WHAT TO DO:
Everything from the line containing "2005 Trek 1400 Purple" through the last line of the entries needs to be repeated exactly. Pictures must be left out.

DATA EXCERPTS:
* * * * * * * * *

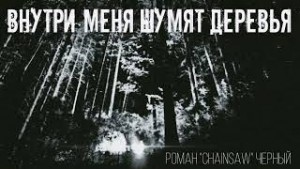 Внутри меня шумят дервья – аудиокнига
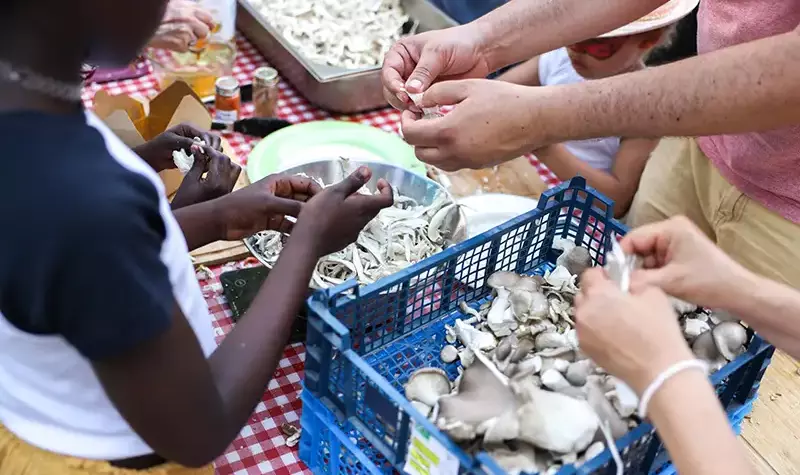 Les participants épluchent des champignons.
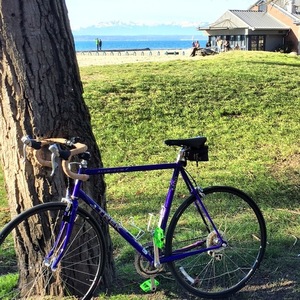 2005 Trek 1400 Purple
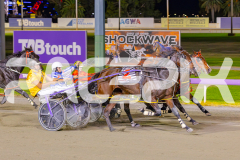 2025_PACEPIX_GP29042025_Race3_Vybrant_WIN_WEB-6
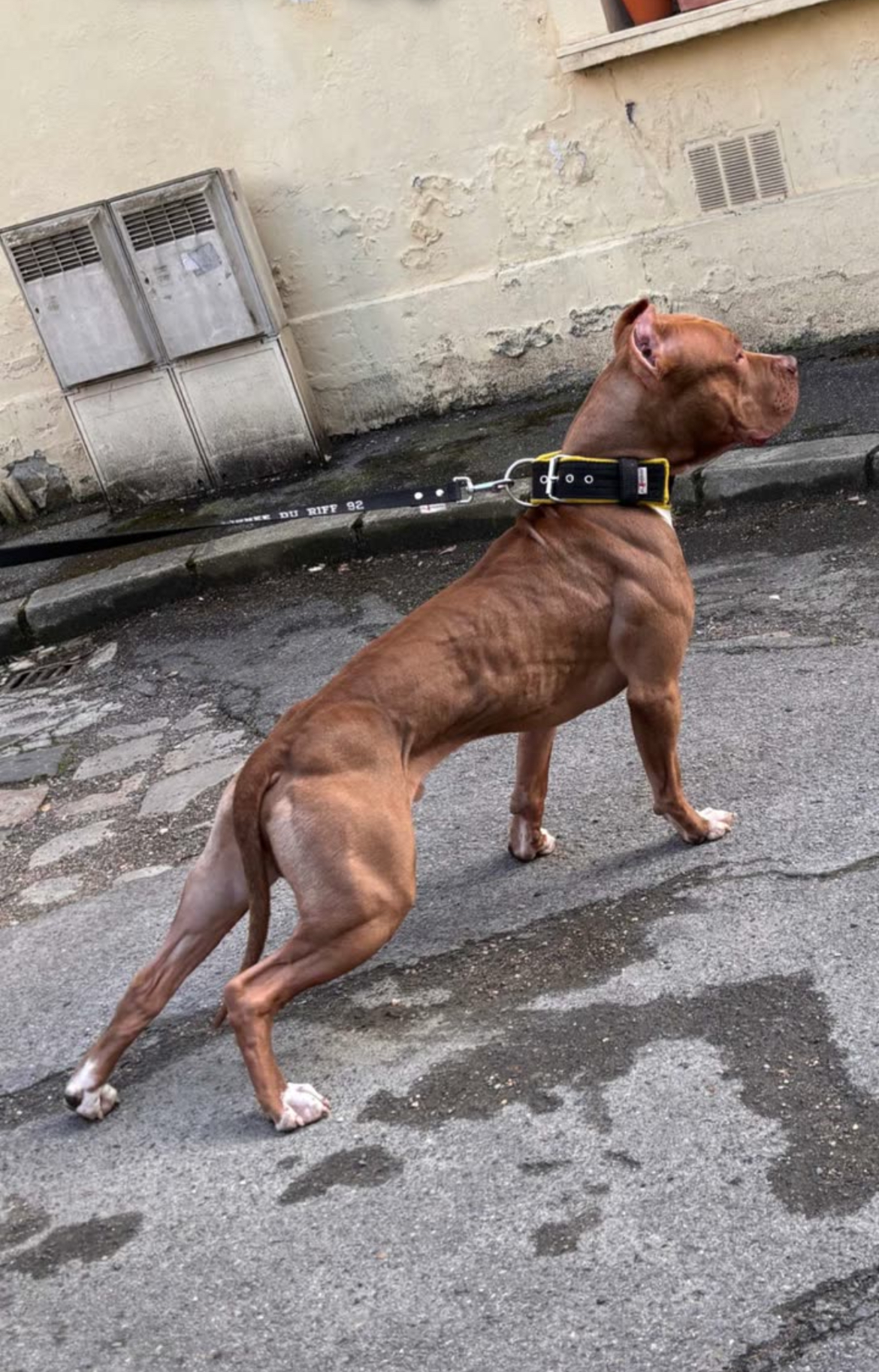 Dog Featured Image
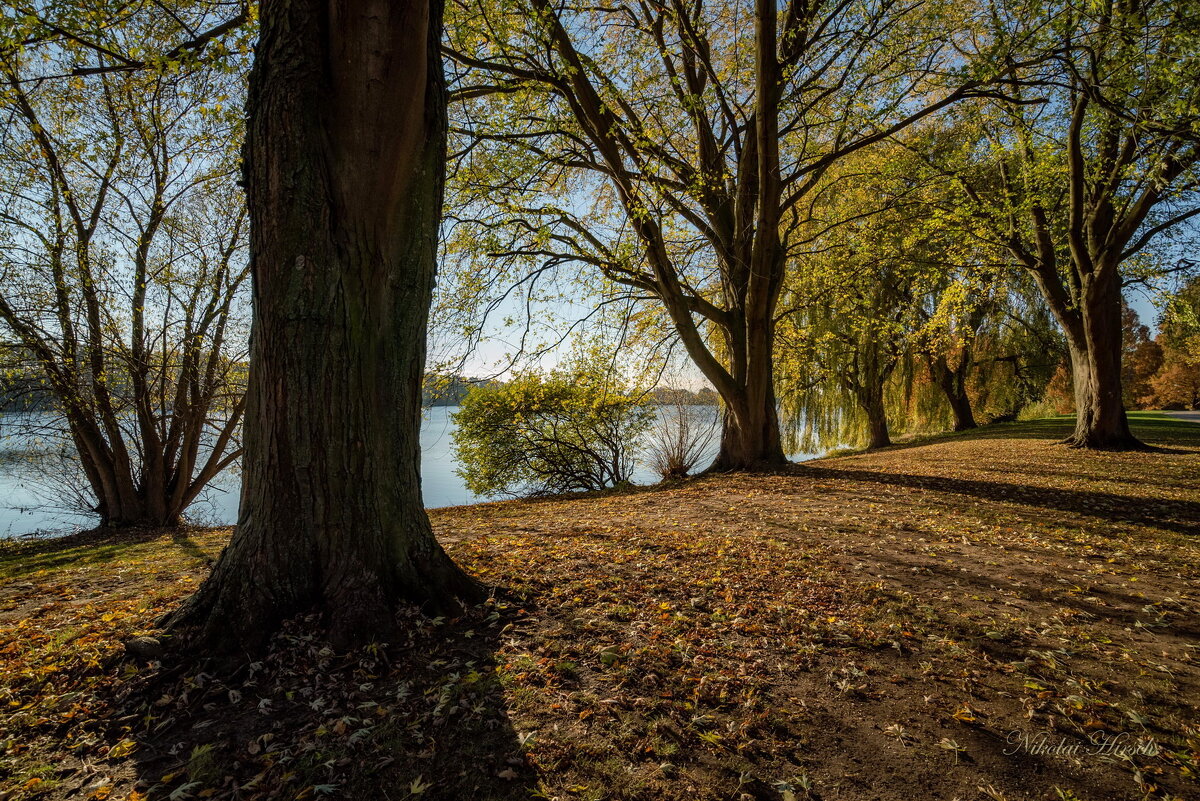 Вокруг озера... - Николай Гирш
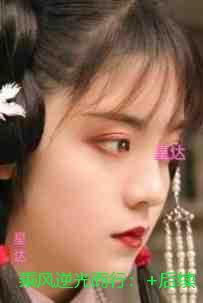 乘风逆光而行:良心推荐
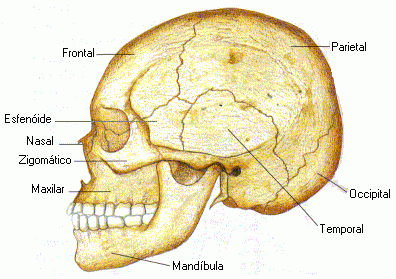 Nome dos ossos mais importante do Esqueleto Humano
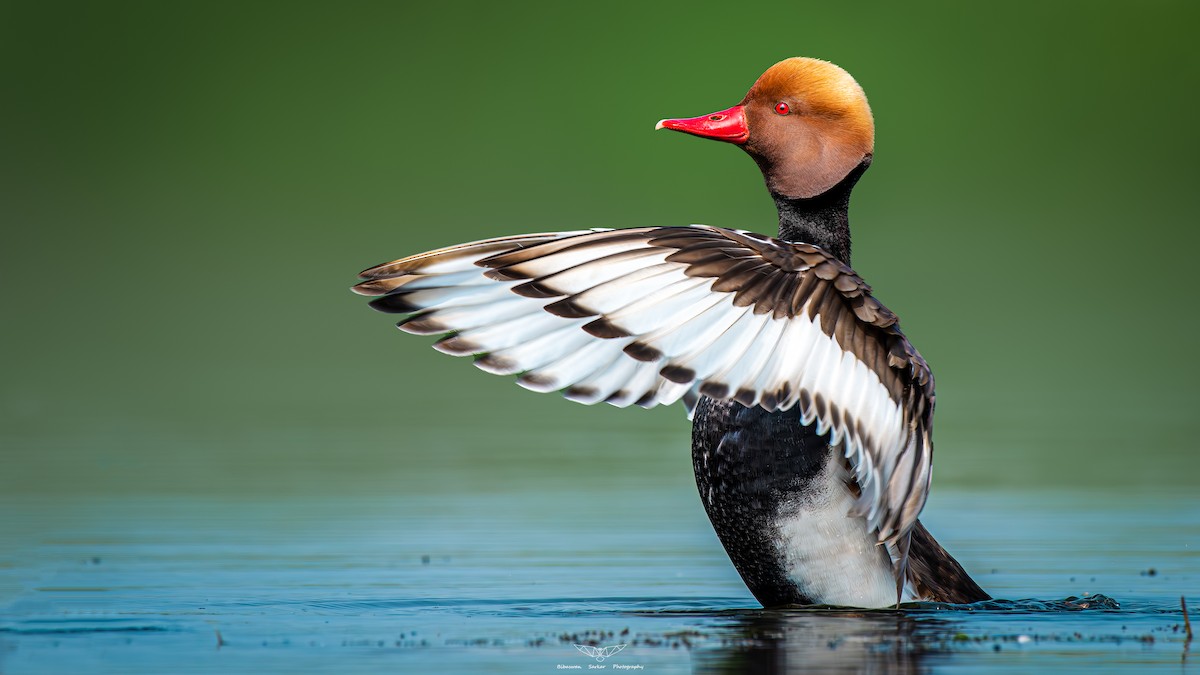 Red-crested Pochard - ML600630351
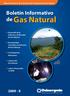 Boletín Informativo de Gas Natural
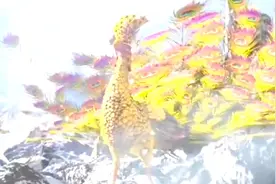 孙悟空成佛后能打过孔雀大明王菩萨吗？视频封面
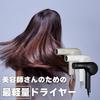 Tescom Nobby Negative Ion Hair Dryer NB2100 1200W Hair Dryer Nobby Professional NB2504 NB1501 Successor (White)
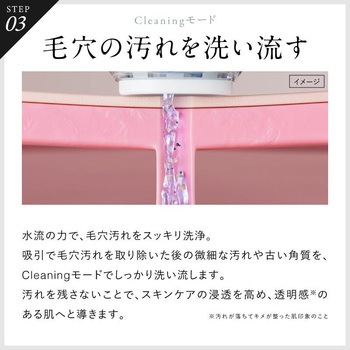 Multi Skin Cleaner マルチスキンクリーナー NIPLUX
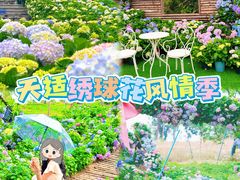 -天适樱花悠乐园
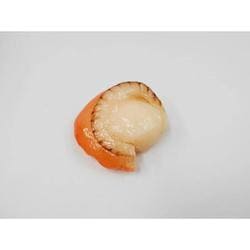 食品サンプルマグネット 帆立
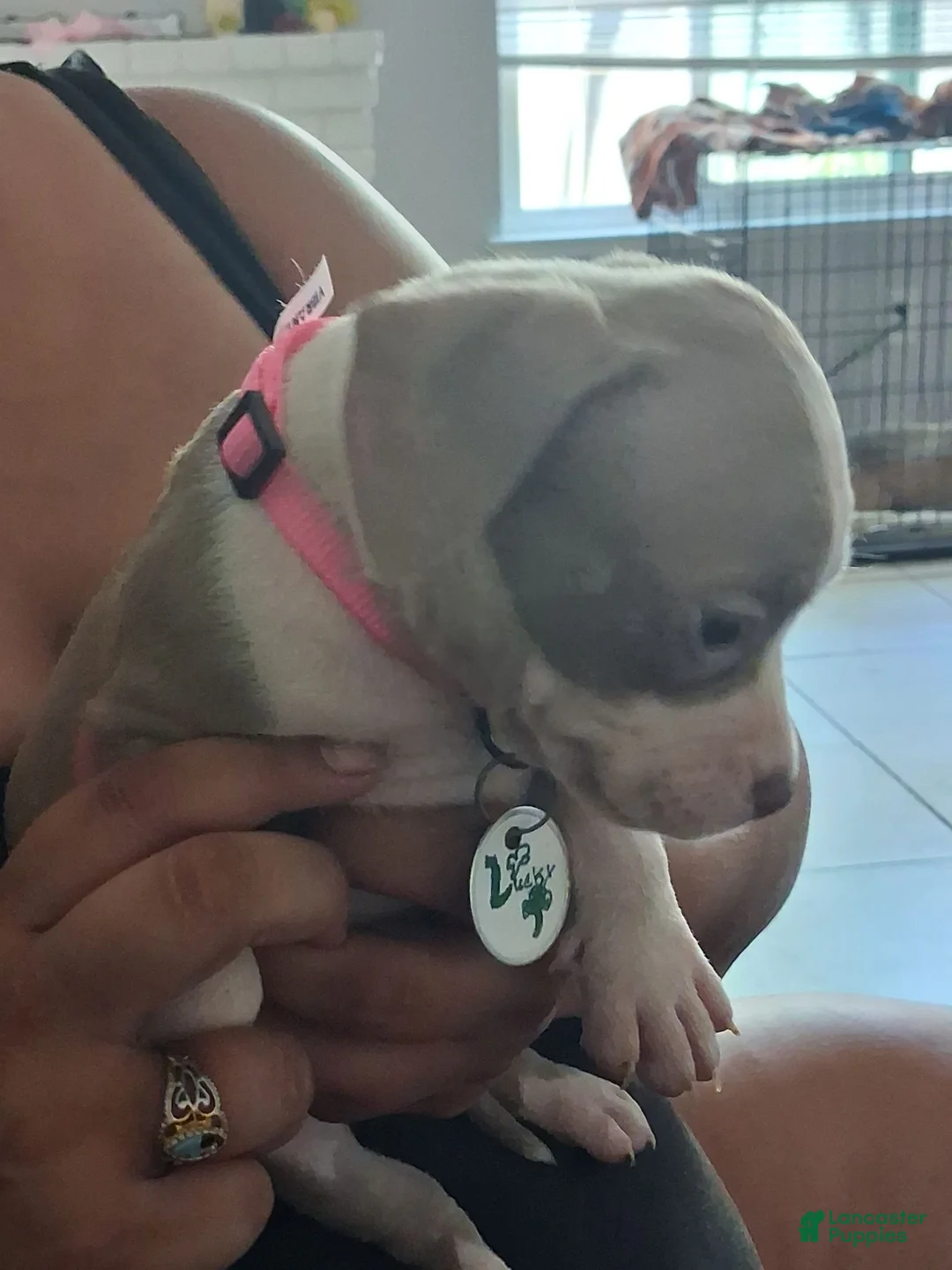 Mixed Breed dogs for sale: Lucky - Ad 1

* * * * * * * * *

SOLUTION TO THIS PROBLEM:
 2005 Trek 1400 Purple
 2025_PACEPIX_GP29042025_Race3_Vybrant_WIN_WEB-6
 Dog Featured Image
 Вокруг озера... - Николай Гирш
 乘风逆光而行:良心推荐
 Nome dos ossos mais importante do Esqueleto Humano
 Red-crested Pochard - ML600630351
 Boletín Informativo de Gas Natural
 孙悟空成佛后能打过孔雀大明王菩萨吗？视频封面
 Tescom Nobby Negative Ion Hair Dryer NB2100 1200W Hair Dryer Nobby Professional NB2504 NB1501 Successor (White)
 Multi Skin Cleaner マルチスキンクリーナー NIPLUX
 -天适樱花悠乐园
 食品サンプルマグネット 帆立
 Mixed Breed dogs for sale: Lucky - Ad 1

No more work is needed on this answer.